She started chopping the radish and the fresh onions and put them in a bowl with salt, then took five eggs from the fridge and put them in a bowl too.

She remembered one afternoon in late September, they all were out on the porch and her husband sat on the sofa and she had a pillow on the plank floor and sat reading a book· she watched as her husband took the little one on his lap and then held him by the armpits and threw him in the air and the little one screamed with joy. Then the boy sat next to his father, hands rested on the sofa’s arms, laughing out loud and jumping in excitement, waiting for his turn. He kept asking him “Daddy, is it my turn now?” And daddy didn’t reply. Daddy kept throwing the little one in the air and the little one screamed again and the boy eagerly climbed on the sofa’s arm and asked again. “Daddy, is it my turn yet?” But daddy didn’t reply this time either.

And she remembered how she put the book on her folded legs and looked at them. She saw the boy’s smile leaving his face and then his eyes becoming glassy with tears and she saw sadness giving place to anger. He climbed on his father’s lap and tried to make his father to let him have his turn. And her husband almost missed the little one that could have fallen down on his head and he yelled to the boy “get the hell out of here!” and she felt the same pain in her guts.

She remembered she was too stunned by the refusal she was witnessing, too stunned trying to explain why the little one dragged all of their love on him, draining all the love they shared to both of their kids and she stood up and went to the boy and grabbed him by his armpits and lifted him up high to make things right for him, but the boy’s eyes were already full of tears and he screamed “let me go! Let me go!” and ran inside and then she hated them both.

What have happened to us? What have we become? Is this what we are? A sick family? Do we need help?

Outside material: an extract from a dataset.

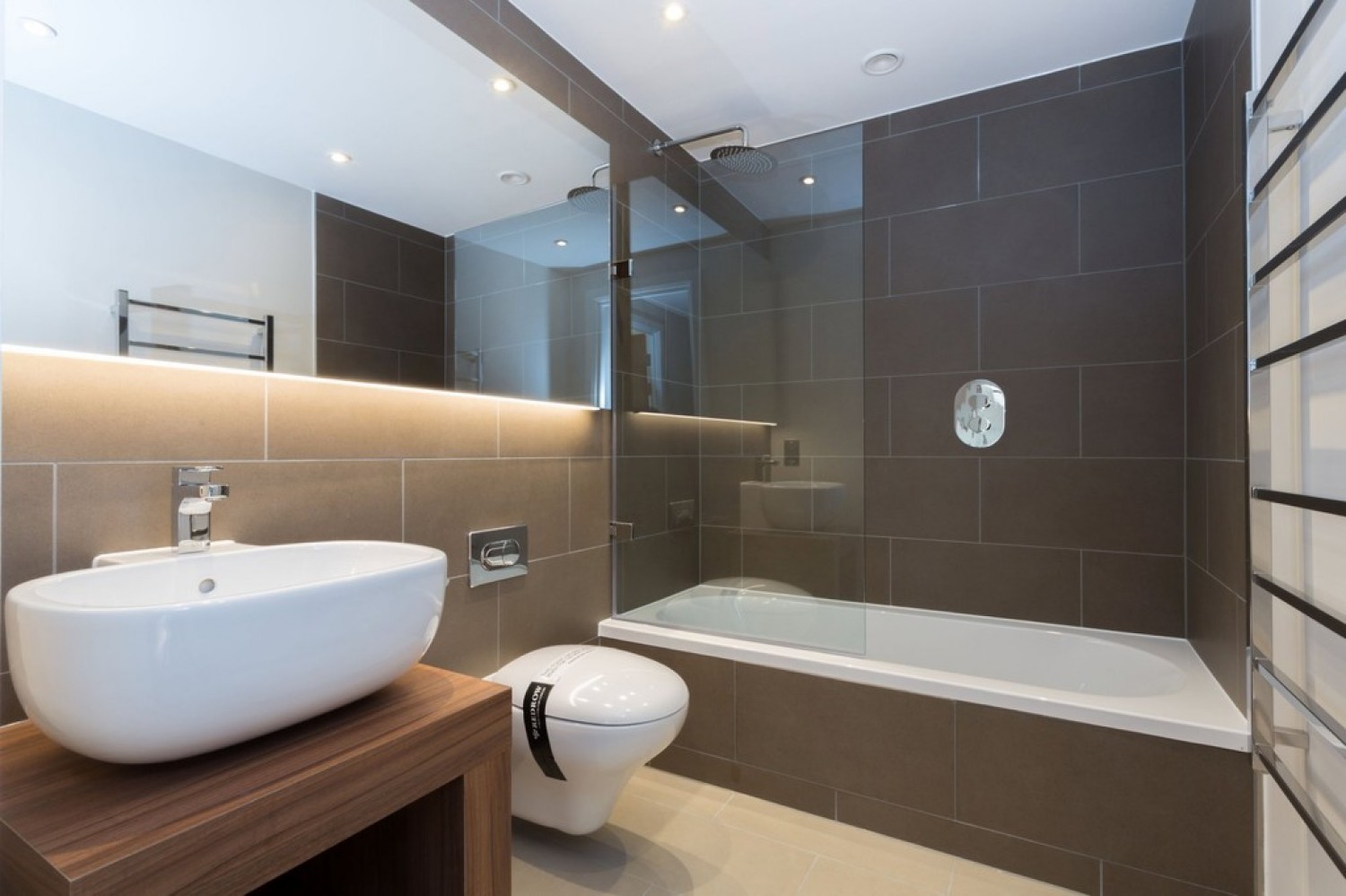 One Commercial Street TO LET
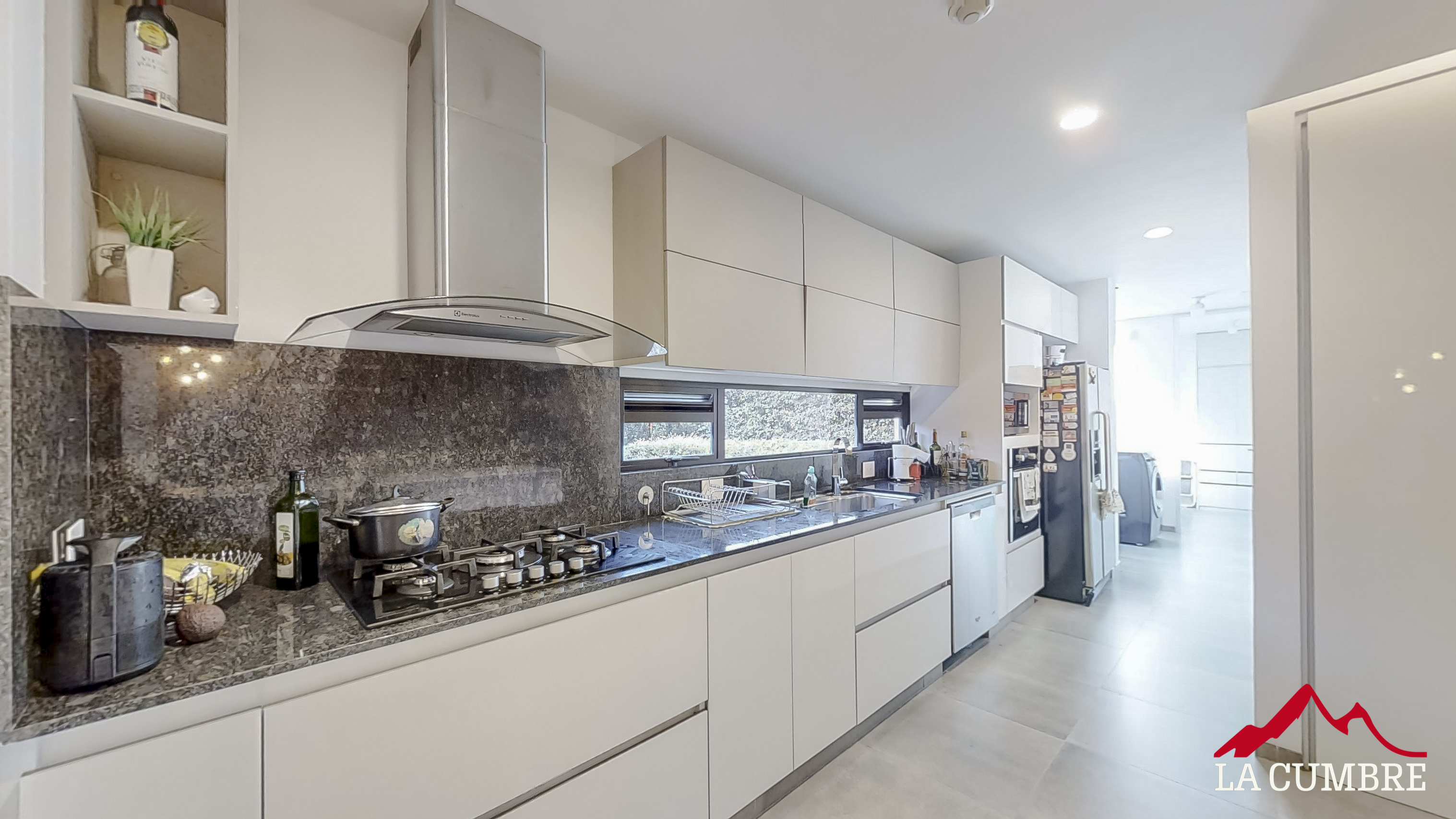 Casa de 3 alcobas en venta en Zuñiga, Envigado, 380 m² · foto 8 de 16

She broke the eggs and boiled the radish and fried the onions, then added the eggs in the pan. She washed the dishes and as she put them aside to dry, she noticed the little horse made of glass on the self, behind a half full jam jar.  He gave it to her when she walked all the way home dragging her horse. It took her five long hours and he told her he never believed she would make it. He told her he expected she would drop the rope and kick the damn horse away and admit there were things that city girls would never be capable of. She told her she deserved the horse made of glass, that his old man gave to him once he brought a sack of fleas to the house when he was twelve and announced “this is my own horse and I paid for it”. And she felt the fulfilling of pride in her gut and treasured the little horse ever since.

She remembered another evening he came back from work and as always she had the water warm for his bath and the food on the table and with her back on him she washed the dishes. The boys were sitting on the floor with her ladles and pots and pretended they were tools, when asked them “how ‘bout getting you to the beach to make a sand castle?” She stood frozen with the dish and sponge in her hands and waited to listen next, maybe telling them next  “yes we can go to the beach someday, why not”, which would mean never, but instead he said “well, go get your shovels and rakes” and the boys ran in their room and he winked at her and she smiled for the first time in a while.

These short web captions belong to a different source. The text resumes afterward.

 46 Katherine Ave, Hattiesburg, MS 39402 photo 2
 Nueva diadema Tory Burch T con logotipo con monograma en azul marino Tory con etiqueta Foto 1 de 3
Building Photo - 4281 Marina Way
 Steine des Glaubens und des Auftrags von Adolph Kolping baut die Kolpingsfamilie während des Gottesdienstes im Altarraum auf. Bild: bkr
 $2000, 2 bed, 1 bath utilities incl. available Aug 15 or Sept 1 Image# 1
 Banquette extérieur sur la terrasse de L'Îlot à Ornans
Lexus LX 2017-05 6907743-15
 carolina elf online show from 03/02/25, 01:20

He asked her “why are you staring at me like this” and she said “oh, I didn’t mean to… Well, sorry but I didn’t quite expect you to take us to the beach” and he replied “why, I’ve already promised”.

She wanted to tell him about all the promises he never kept but said nothing instead and she smiled again. And he looked at her with a question in his eyes as expecting a thank you or something like that, but she couldn’t say anything for all the times he had promised things that never happened and she refused to believe him anymore. Not until she’d saw it happening.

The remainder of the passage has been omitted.